Problem

One of the concerns associated with the prospect of global warming is its potential consequences in the hydrologic regime.  Changes in the amount and seasonality of precipitation may have far-reaching implications to the patterns of water and nutrient movement in terrestrial ecosystems.  The current state of knowledge on the interrelations and transfers of water, energy, and chemical compounds is insufficient to adequately model these processes, thus hampering predictive efforts of the true environmental impacts of global warming.  A better understanding of Water, Energy, and Biogeochemical Budgets (WEBB) is needed over a range of scales, in a representative cross section of global ecosystems.

Objectives

• Investigate and describe the linkages between soil hydrology and solute transport in the soil zone through detailed accounting of water and chemical flux at points on a hillside.
• Apply carbon, oxygen, and strontium isotopes to trace the movement of water and solutes.
• Assess the sensitivity of trace gas budgets to changing land use and climate.
• Determine the partitioning of hydrologic pathways as basin size increases.
• Investigate the relation of radiation balance, aspect, and topography on snowmelt rates in a forest environment, and the streamflow response.
• Investigate hydrologic and geochemical interactions between hillslope and the riparian zone.

 

At the Sleepers River Research Watershed in Danville, Vermont, we have implemented a nested and paired watershed design.  We are conducting research at sites with a long historical record (more than 40 years) so that contemporary data can be evaluated in a historical context.  Most importantly, several high quality long-term streamflow and meteorological data sets are continuing, which may be important in assessing global change.  The latter include complete records of snow depth and water equivalent since 1959 and ground frost depth since 1983.

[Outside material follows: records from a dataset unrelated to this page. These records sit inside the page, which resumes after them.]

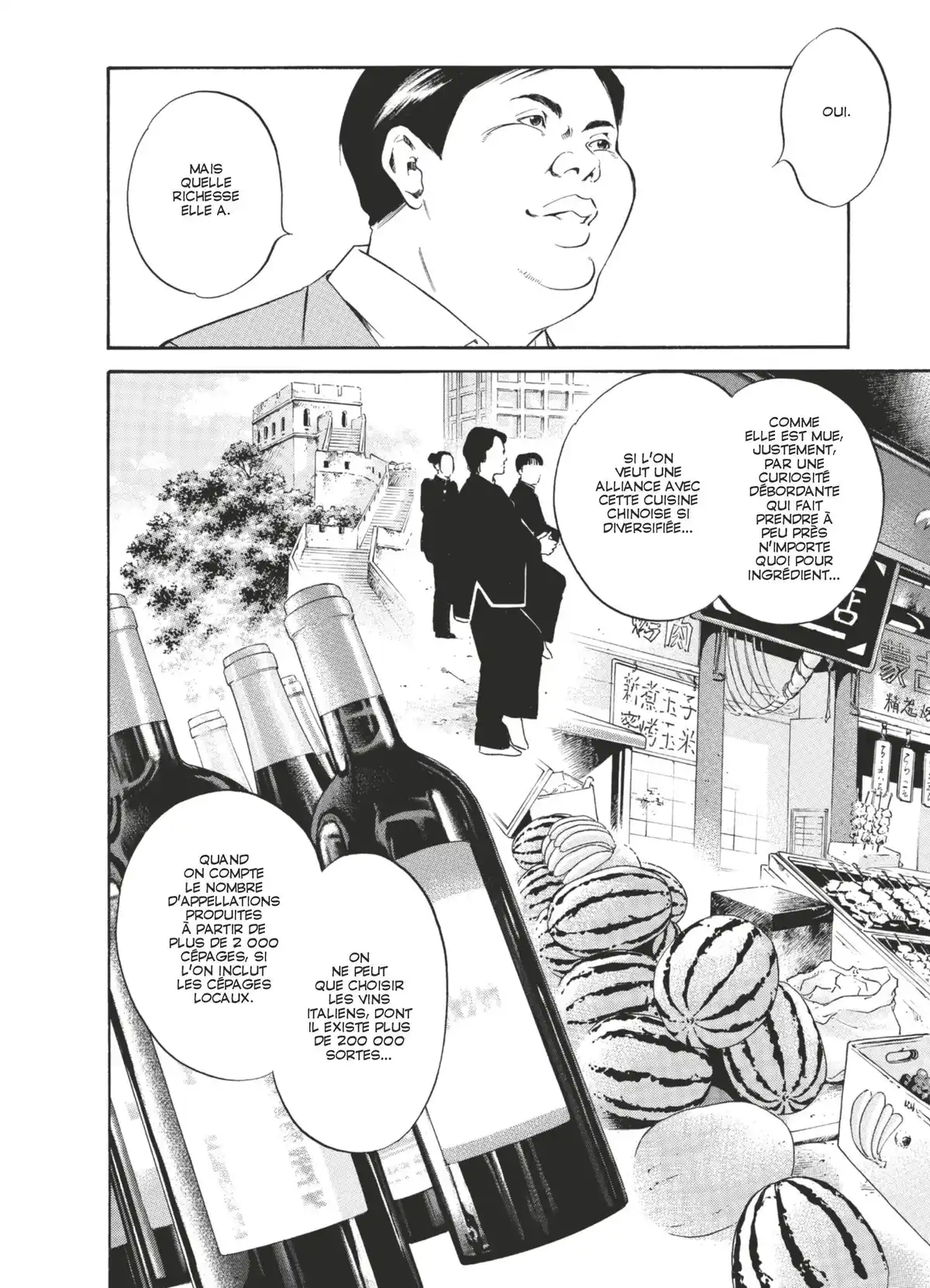 Les Gouttes de Dieu Volume 18 page 187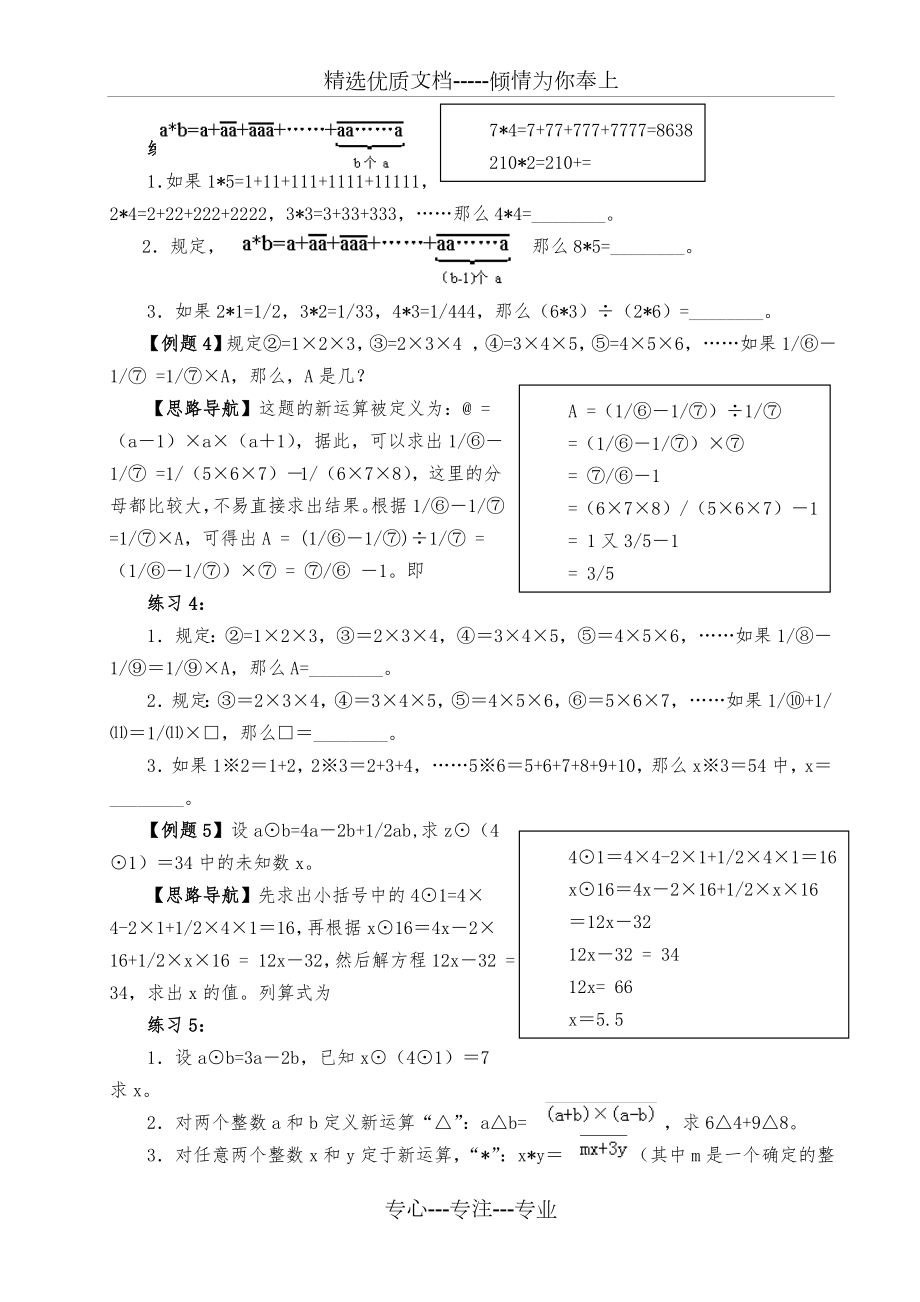 小学六年级奥数举一反三(共158页).doc_第2页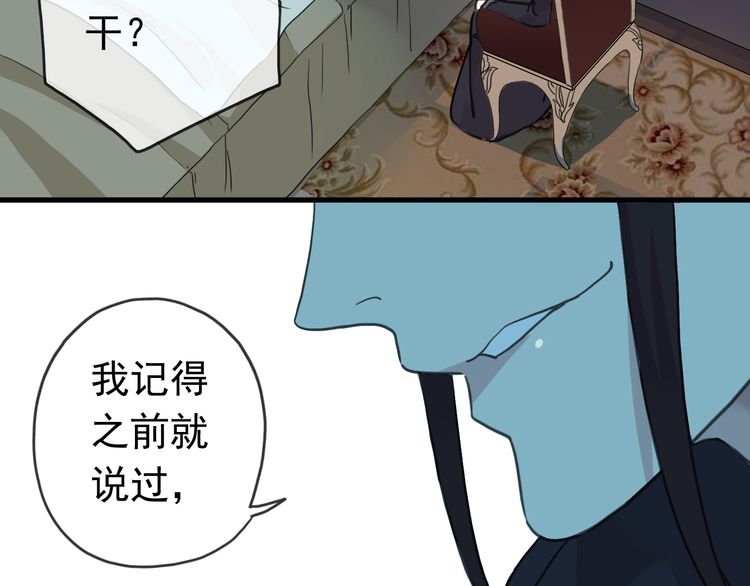 《甜美的咬痕》漫画最新章节第22话 禁忌的名字免费下拉式在线观看章节第【6】张图片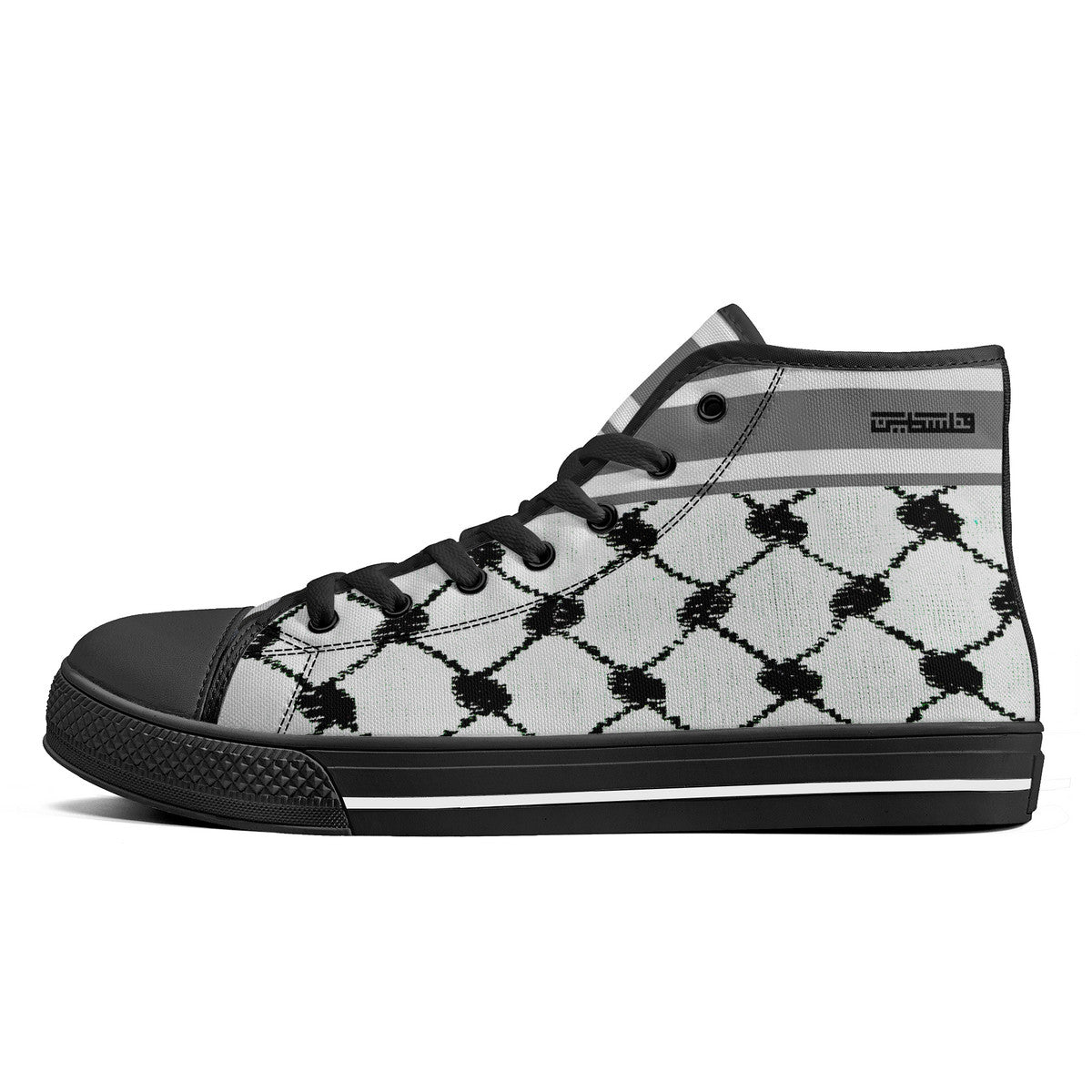 Sneakers Filistin DIMA*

Solute budgets are calculated using the watershed mass-balance approach.  For water and chemicals this requires measuring inputs of water and solutes in precipitation, and outputs of water and solutes in streamflow.  Differences between inputs and outputs indicate whether the watershed is net producer or consumer of a solute, and thus forms a boundary condition from which ecosystem hypotheses are generated.  For example, if more nitrogen enters the watershed in precipitation than leaves in steamflow, one might hypothesize that nitrogen is a limiting nutrient being sequestered by the trees.  More detailed research is ongoing in the watershed to directly assess biochemical processes.  To continue the nitrogen example, tracking of nitrate and ammonium in the precipitation, soil water, and shallow and deep groundwater are tracked in detail and results show  where in the system nitrate is being taken up. This in turn indicates what part of the biosphere is responsible (trees, soil bacteria), or if N is being lost through abiotic processes.

The study was designed with watersheds that are nested (smaller watersheds in larger watersheds) and paired (otherwise similar watersheds with a single important difference, such as land use) to allow USGS to investigate how watershed processes change as scale and land use change.

 A central approach in our biogeochemical research is the use of isotopes to trace  the source of water and solutes.  Oxygen isotope ratios in water indicate whether streamflow is generated from new water (rain or snowmelt from the current event) or from displaced groundwater.  This information sets constraints on the flow paths that water takes to the stream, and helps our understanding of solute sources and movement.  Other isotopes, such as strontium, lead, and carbon, provide additional  information about sources of solutes within the watershed.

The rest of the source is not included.